From 4b45f4720bad3ed4fd07d46094baa44fd10ddc37 Mon Sep 17 00:00:00 2001
From: hongchao <hongchao@msh.team>
Date: Tue, 9 Sep 2025 08:54:52 +0000
Subject: [PATCH] support ctx_len=0

---
 csrc/kernels/splitkv_mla.cu             | 16 ++++++++------
 csrc/kernels_fp8/flash_fwd_mla_kernel.h |  5 +++--
 tests/test_flash_mla.py                 | 28 +++++++++++++++++++++++--
 3 files changed, 39 insertions(+), 10 deletions(-)

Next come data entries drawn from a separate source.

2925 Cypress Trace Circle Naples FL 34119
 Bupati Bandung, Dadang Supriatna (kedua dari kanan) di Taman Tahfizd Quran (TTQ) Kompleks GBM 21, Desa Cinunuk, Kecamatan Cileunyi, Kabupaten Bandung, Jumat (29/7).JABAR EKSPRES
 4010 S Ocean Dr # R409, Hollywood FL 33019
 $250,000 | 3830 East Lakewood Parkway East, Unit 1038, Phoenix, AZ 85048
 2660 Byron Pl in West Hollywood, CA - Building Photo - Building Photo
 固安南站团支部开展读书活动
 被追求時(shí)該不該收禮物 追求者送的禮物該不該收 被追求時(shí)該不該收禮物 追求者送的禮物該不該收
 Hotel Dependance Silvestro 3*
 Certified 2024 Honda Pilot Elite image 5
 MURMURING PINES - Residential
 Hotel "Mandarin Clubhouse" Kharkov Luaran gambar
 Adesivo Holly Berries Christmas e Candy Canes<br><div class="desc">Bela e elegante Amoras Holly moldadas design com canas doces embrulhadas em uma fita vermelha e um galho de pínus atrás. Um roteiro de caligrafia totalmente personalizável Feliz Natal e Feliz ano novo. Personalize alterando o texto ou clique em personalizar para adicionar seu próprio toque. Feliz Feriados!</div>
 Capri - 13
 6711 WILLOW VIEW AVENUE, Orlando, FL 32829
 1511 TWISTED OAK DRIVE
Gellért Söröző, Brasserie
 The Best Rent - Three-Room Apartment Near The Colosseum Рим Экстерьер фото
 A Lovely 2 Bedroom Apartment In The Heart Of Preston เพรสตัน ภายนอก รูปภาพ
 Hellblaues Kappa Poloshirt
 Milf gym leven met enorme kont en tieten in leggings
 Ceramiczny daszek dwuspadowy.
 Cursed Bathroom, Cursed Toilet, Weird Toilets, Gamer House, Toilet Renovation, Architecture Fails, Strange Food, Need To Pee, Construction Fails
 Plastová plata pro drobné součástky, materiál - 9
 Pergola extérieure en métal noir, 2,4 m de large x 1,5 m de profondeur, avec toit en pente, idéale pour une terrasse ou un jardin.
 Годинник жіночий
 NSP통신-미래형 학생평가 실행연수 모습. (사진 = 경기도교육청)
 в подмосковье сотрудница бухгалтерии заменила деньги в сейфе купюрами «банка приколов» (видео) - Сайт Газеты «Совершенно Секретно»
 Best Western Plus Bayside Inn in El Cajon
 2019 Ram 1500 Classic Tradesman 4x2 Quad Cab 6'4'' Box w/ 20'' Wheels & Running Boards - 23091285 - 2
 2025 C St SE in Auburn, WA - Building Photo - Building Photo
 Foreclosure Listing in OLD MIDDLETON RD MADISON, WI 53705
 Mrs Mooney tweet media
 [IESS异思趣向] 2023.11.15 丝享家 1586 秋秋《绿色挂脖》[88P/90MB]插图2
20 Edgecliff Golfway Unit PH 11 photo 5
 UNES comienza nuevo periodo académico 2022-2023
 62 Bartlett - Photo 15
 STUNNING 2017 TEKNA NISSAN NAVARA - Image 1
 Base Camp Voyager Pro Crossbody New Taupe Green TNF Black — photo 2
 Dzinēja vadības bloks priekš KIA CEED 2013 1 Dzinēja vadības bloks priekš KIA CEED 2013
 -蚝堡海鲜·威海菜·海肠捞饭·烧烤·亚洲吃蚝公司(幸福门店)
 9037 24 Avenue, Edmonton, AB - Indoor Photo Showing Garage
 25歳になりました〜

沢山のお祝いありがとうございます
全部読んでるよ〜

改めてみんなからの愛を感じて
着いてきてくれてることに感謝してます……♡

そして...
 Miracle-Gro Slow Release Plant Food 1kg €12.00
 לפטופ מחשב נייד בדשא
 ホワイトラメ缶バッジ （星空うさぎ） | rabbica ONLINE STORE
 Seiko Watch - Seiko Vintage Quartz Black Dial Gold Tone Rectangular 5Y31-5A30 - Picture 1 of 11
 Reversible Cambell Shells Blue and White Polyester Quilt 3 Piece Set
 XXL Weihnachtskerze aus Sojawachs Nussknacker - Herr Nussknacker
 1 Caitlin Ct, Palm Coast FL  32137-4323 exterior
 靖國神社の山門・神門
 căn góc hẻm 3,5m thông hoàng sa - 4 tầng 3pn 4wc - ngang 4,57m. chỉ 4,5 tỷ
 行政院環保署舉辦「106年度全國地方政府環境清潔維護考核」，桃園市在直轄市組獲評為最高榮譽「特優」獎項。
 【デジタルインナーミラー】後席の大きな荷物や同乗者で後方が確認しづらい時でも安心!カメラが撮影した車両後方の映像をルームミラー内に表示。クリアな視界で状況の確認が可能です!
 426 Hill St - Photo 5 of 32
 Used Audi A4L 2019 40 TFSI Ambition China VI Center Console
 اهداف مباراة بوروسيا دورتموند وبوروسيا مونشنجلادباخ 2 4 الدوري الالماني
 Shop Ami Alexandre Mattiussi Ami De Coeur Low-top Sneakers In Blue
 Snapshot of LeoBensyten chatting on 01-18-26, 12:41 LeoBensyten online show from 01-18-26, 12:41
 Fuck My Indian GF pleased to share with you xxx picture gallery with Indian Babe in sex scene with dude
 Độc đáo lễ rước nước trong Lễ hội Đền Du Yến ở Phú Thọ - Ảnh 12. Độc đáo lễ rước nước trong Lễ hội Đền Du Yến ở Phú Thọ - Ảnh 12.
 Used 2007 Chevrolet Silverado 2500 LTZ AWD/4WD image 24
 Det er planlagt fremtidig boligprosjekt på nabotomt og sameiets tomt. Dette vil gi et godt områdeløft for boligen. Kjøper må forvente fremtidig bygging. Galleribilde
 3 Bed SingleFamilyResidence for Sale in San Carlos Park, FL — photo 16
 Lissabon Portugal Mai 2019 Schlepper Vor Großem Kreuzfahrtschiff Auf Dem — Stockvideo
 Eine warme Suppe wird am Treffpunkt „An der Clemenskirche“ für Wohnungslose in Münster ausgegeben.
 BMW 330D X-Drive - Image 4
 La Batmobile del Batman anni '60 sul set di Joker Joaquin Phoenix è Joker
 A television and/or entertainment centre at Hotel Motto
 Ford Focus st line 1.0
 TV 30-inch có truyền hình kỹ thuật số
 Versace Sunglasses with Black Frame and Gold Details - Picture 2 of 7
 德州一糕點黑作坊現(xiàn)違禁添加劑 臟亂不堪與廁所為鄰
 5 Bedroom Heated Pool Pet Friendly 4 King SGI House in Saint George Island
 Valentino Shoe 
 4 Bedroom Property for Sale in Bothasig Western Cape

diff --git a/csrc/kernels/splitkv_mla.cu b/csrc/kernels/splitkv_mla.cu
index 03a208b..e75a3b0 100644
--- a/csrc/kernels/splitkv_mla.cu
+++ b/csrc/kernels/splitkv_mla.cu
@@ -1035,6 +1035,7 @@ flash_fwd_splitkv_mla_kernel(__grid_constant__ const Flash_fwd_mla_params params
         int seqlen_k = __ldg(params.seqlens_k_ptr + batch_idx);
         const int start_block_idx = batch_idx == begin_idx ? begin_seqlen / kBlockN : 0;
         int end_block_idx = batch_idx == end_idx ? cute::ceil_div(end_seqlen, kBlockN) : cute::ceil_div(seqlen_k, kBlockN);
+        int n_block = end_block_idx - 1;
         const bool is_no_split = start_block_idx == 0 && end_block_idx == cute::ceil_div(seqlen_k, kBlockN);
         
         int rRightBorderForQSeq[2];
@@ -1083,10 +1084,12 @@ flash_fwd_splitkv_mla_kernel(__grid_constant__ const Flash_fwd_mla_params params
         >{});
 
         // Copy K0 and K1
-        launch_kv_tiles_copy_tma<0, 9>(tma_gK(_, _, __ldg(block_table_ptr + start_block_idx)), sK0, tma_params.tma_K, barriers_K0, threadIdx.x);
-        if (start_block_idx+1 < end_block_idx) {
-            launch_kv_tiles_copy_tma<4, 9>(tma_gK(_, _, __ldg(block_table_ptr + start_block_idx+1)), sK1, tma_params.tma_K, barriers_K1, threadIdx.x);
-            launch_kv_tiles_copy_tma<0, 4>(tma_gK(_, _, __ldg(block_table_ptr + start_block_idx+1)), sK1, tma_params.tma_K, barriers_K1, threadIdx.x);
+        if (n_block >= start_block_idx) {
+            launch_kv_tiles_copy_tma<0, 9>(tma_gK(_, _, __ldg(block_table_ptr + start_block_idx)), sK0, tma_params.tma_K, barriers_K0, threadIdx.x);
+            if (start_block_idx+1 < end_block_idx) {
+                launch_kv_tiles_copy_tma<4, 9>(tma_gK(_, _, __ldg(block_table_ptr + start_block_idx+1)), sK1, tma_params.tma_K, barriers_K1, threadIdx.x);
+                launch_kv_tiles_copy_tma<0, 4>(tma_gK(_, _, __ldg(block_table_ptr + start_block_idx+1)), sK1, tma_params.tma_K, barriers_K1, threadIdx.x);
+            }
         }
 
         Tensor rO = partition_fragment_C((typename T::TiledMMA_PV_LocalP){}, Shape<Int<T::BLOCK_SIZE_M>, Int<T::HEAD_DIM_V / 2>>{});	// ((2, 2, 32), 1, 1)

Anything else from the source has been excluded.